= TO DO =
Look below for the line with "Salvage Audi A3" and the line with "Champions league ritorno ottavi". Copy exactly those two lines and every line between, but not the pictures.

= DATA SHOWN =
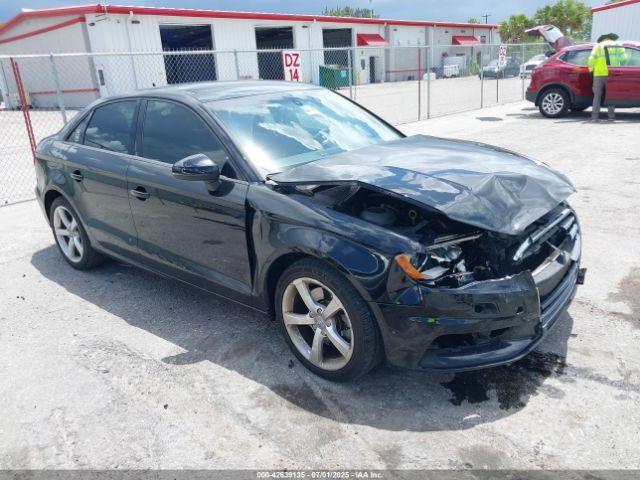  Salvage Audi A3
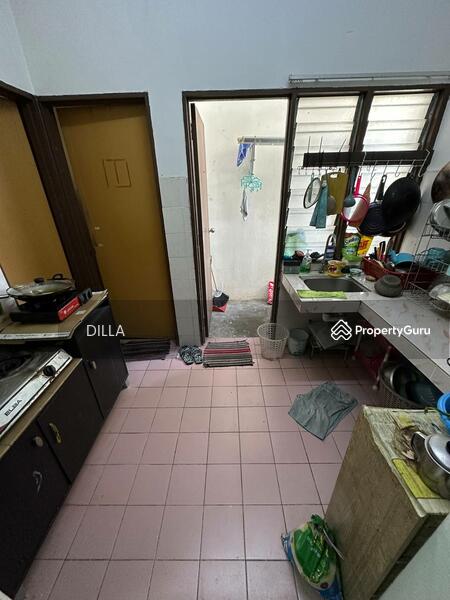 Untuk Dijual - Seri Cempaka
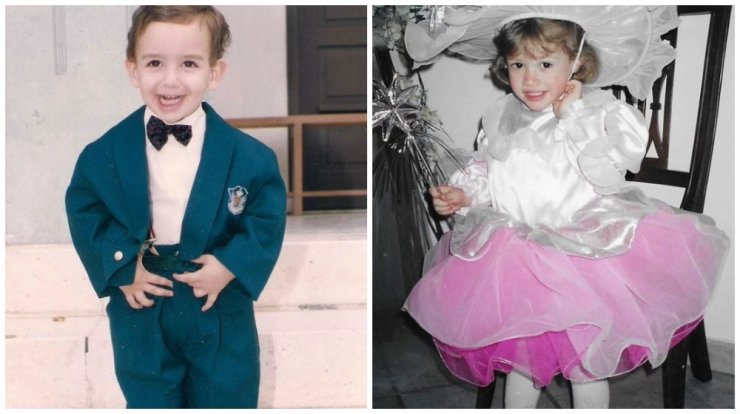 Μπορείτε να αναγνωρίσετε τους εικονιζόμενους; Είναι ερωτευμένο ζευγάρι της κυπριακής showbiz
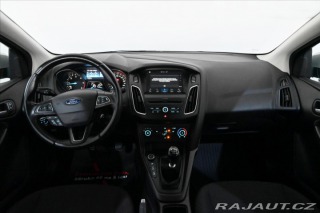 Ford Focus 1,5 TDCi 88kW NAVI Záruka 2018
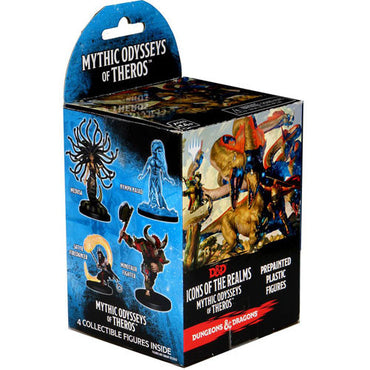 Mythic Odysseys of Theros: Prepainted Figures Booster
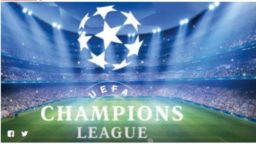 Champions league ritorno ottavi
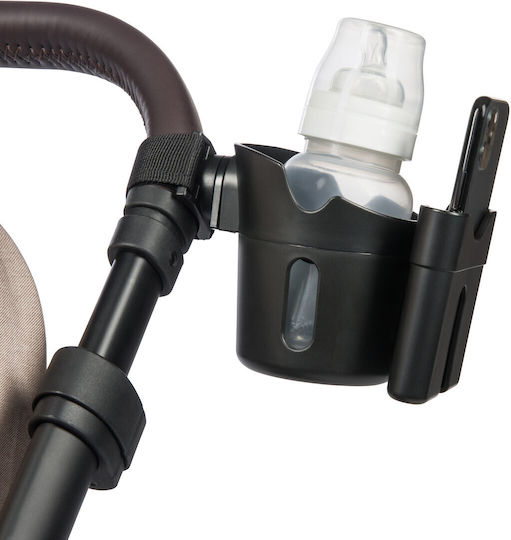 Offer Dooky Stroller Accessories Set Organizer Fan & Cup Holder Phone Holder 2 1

---

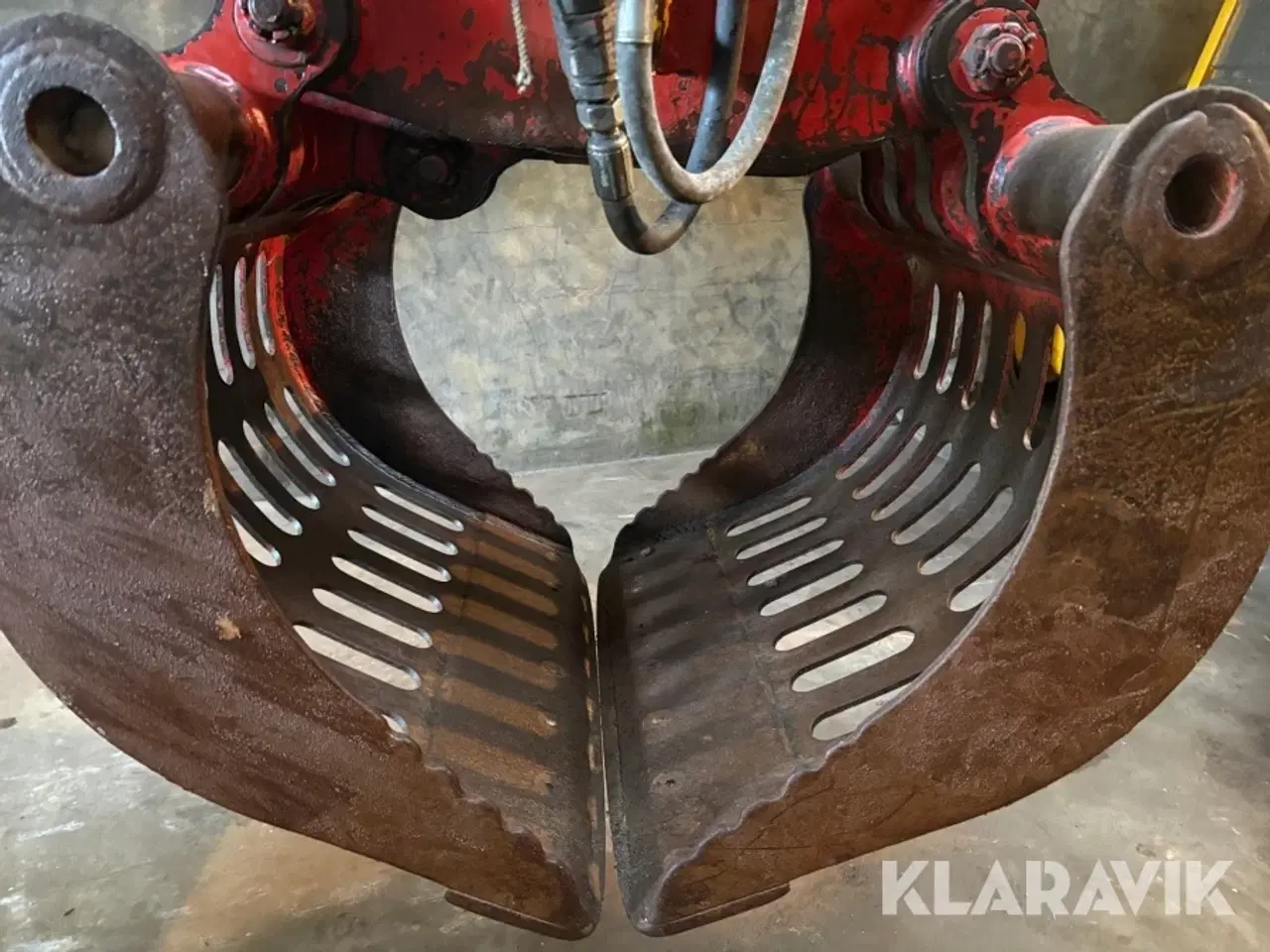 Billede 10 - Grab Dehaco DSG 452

---

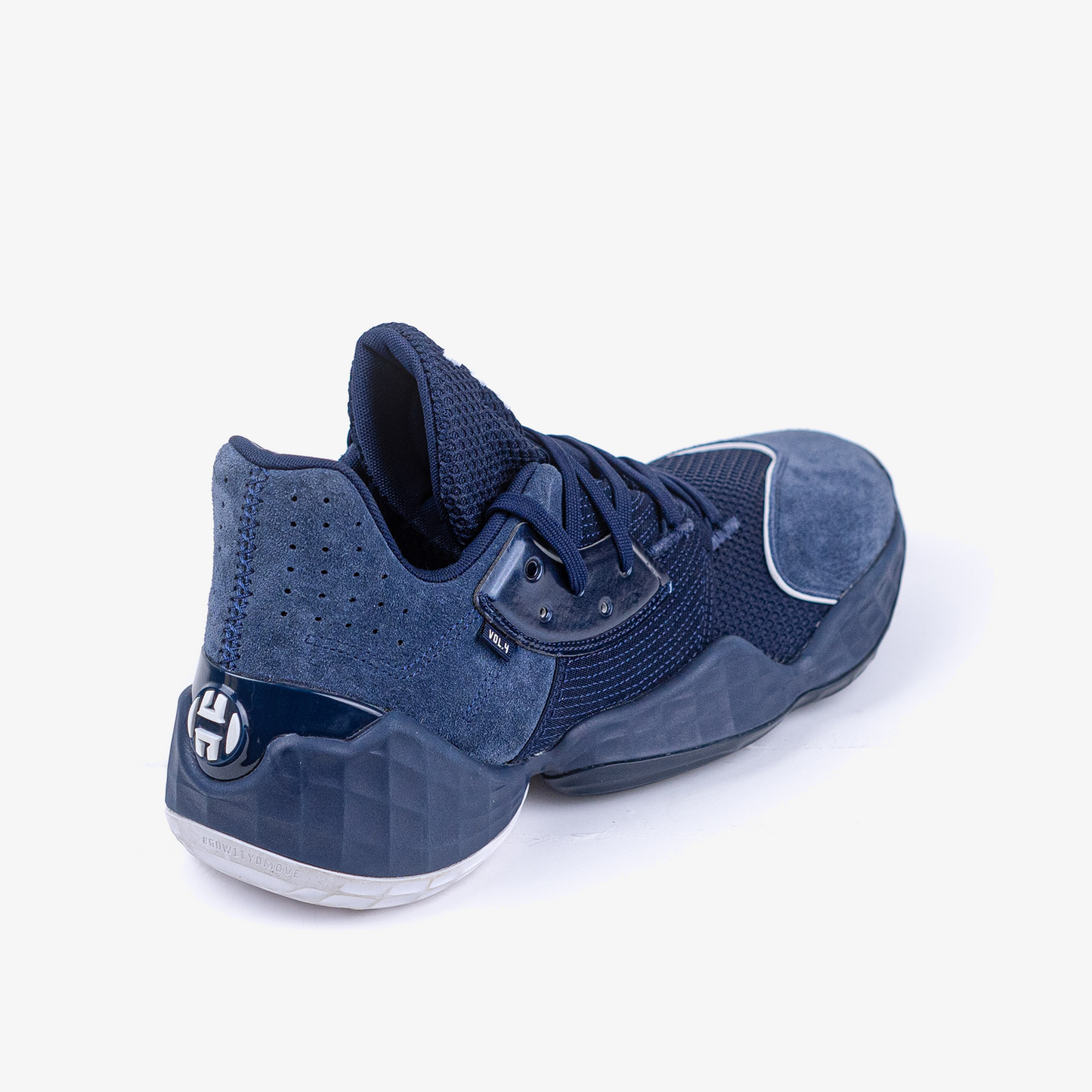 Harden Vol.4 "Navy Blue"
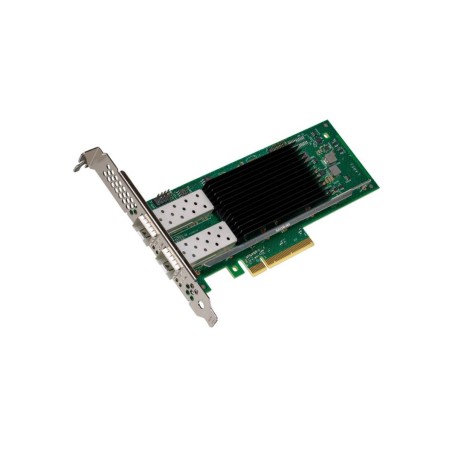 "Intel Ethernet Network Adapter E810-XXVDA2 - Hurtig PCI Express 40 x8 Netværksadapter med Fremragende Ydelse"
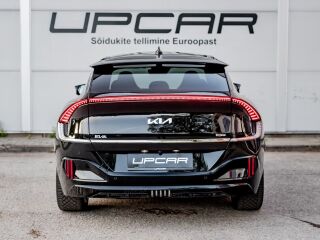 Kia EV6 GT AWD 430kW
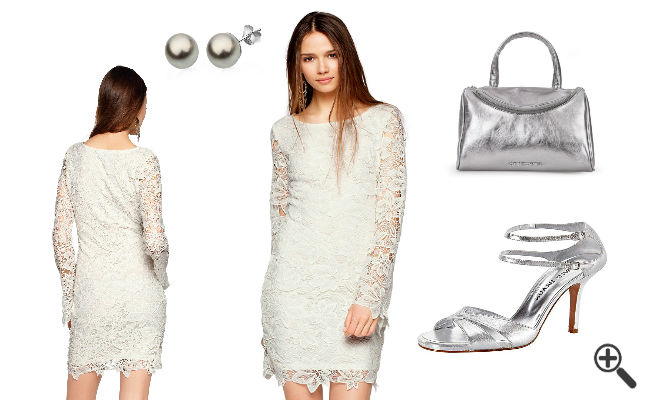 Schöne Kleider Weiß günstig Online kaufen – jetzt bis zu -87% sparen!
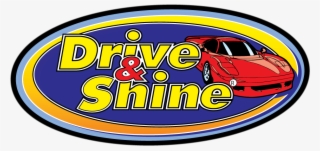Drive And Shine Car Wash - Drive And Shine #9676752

= TASK OUTPUT =
  Salvage Audi A3
 Untuk Dijual - Seri Cempaka
 Μπορείτε να αναγνωρίσετε τους εικονιζόμενους; Είναι ερωτευμένο ζευγάρι της κυπριακής showbiz
 Ford Focus 1,5 TDCi 88kW NAVI Záruka 2018
 Mythic Odysseys of Theros: Prepainted Figures Booster
 Champions league ritorno ottavi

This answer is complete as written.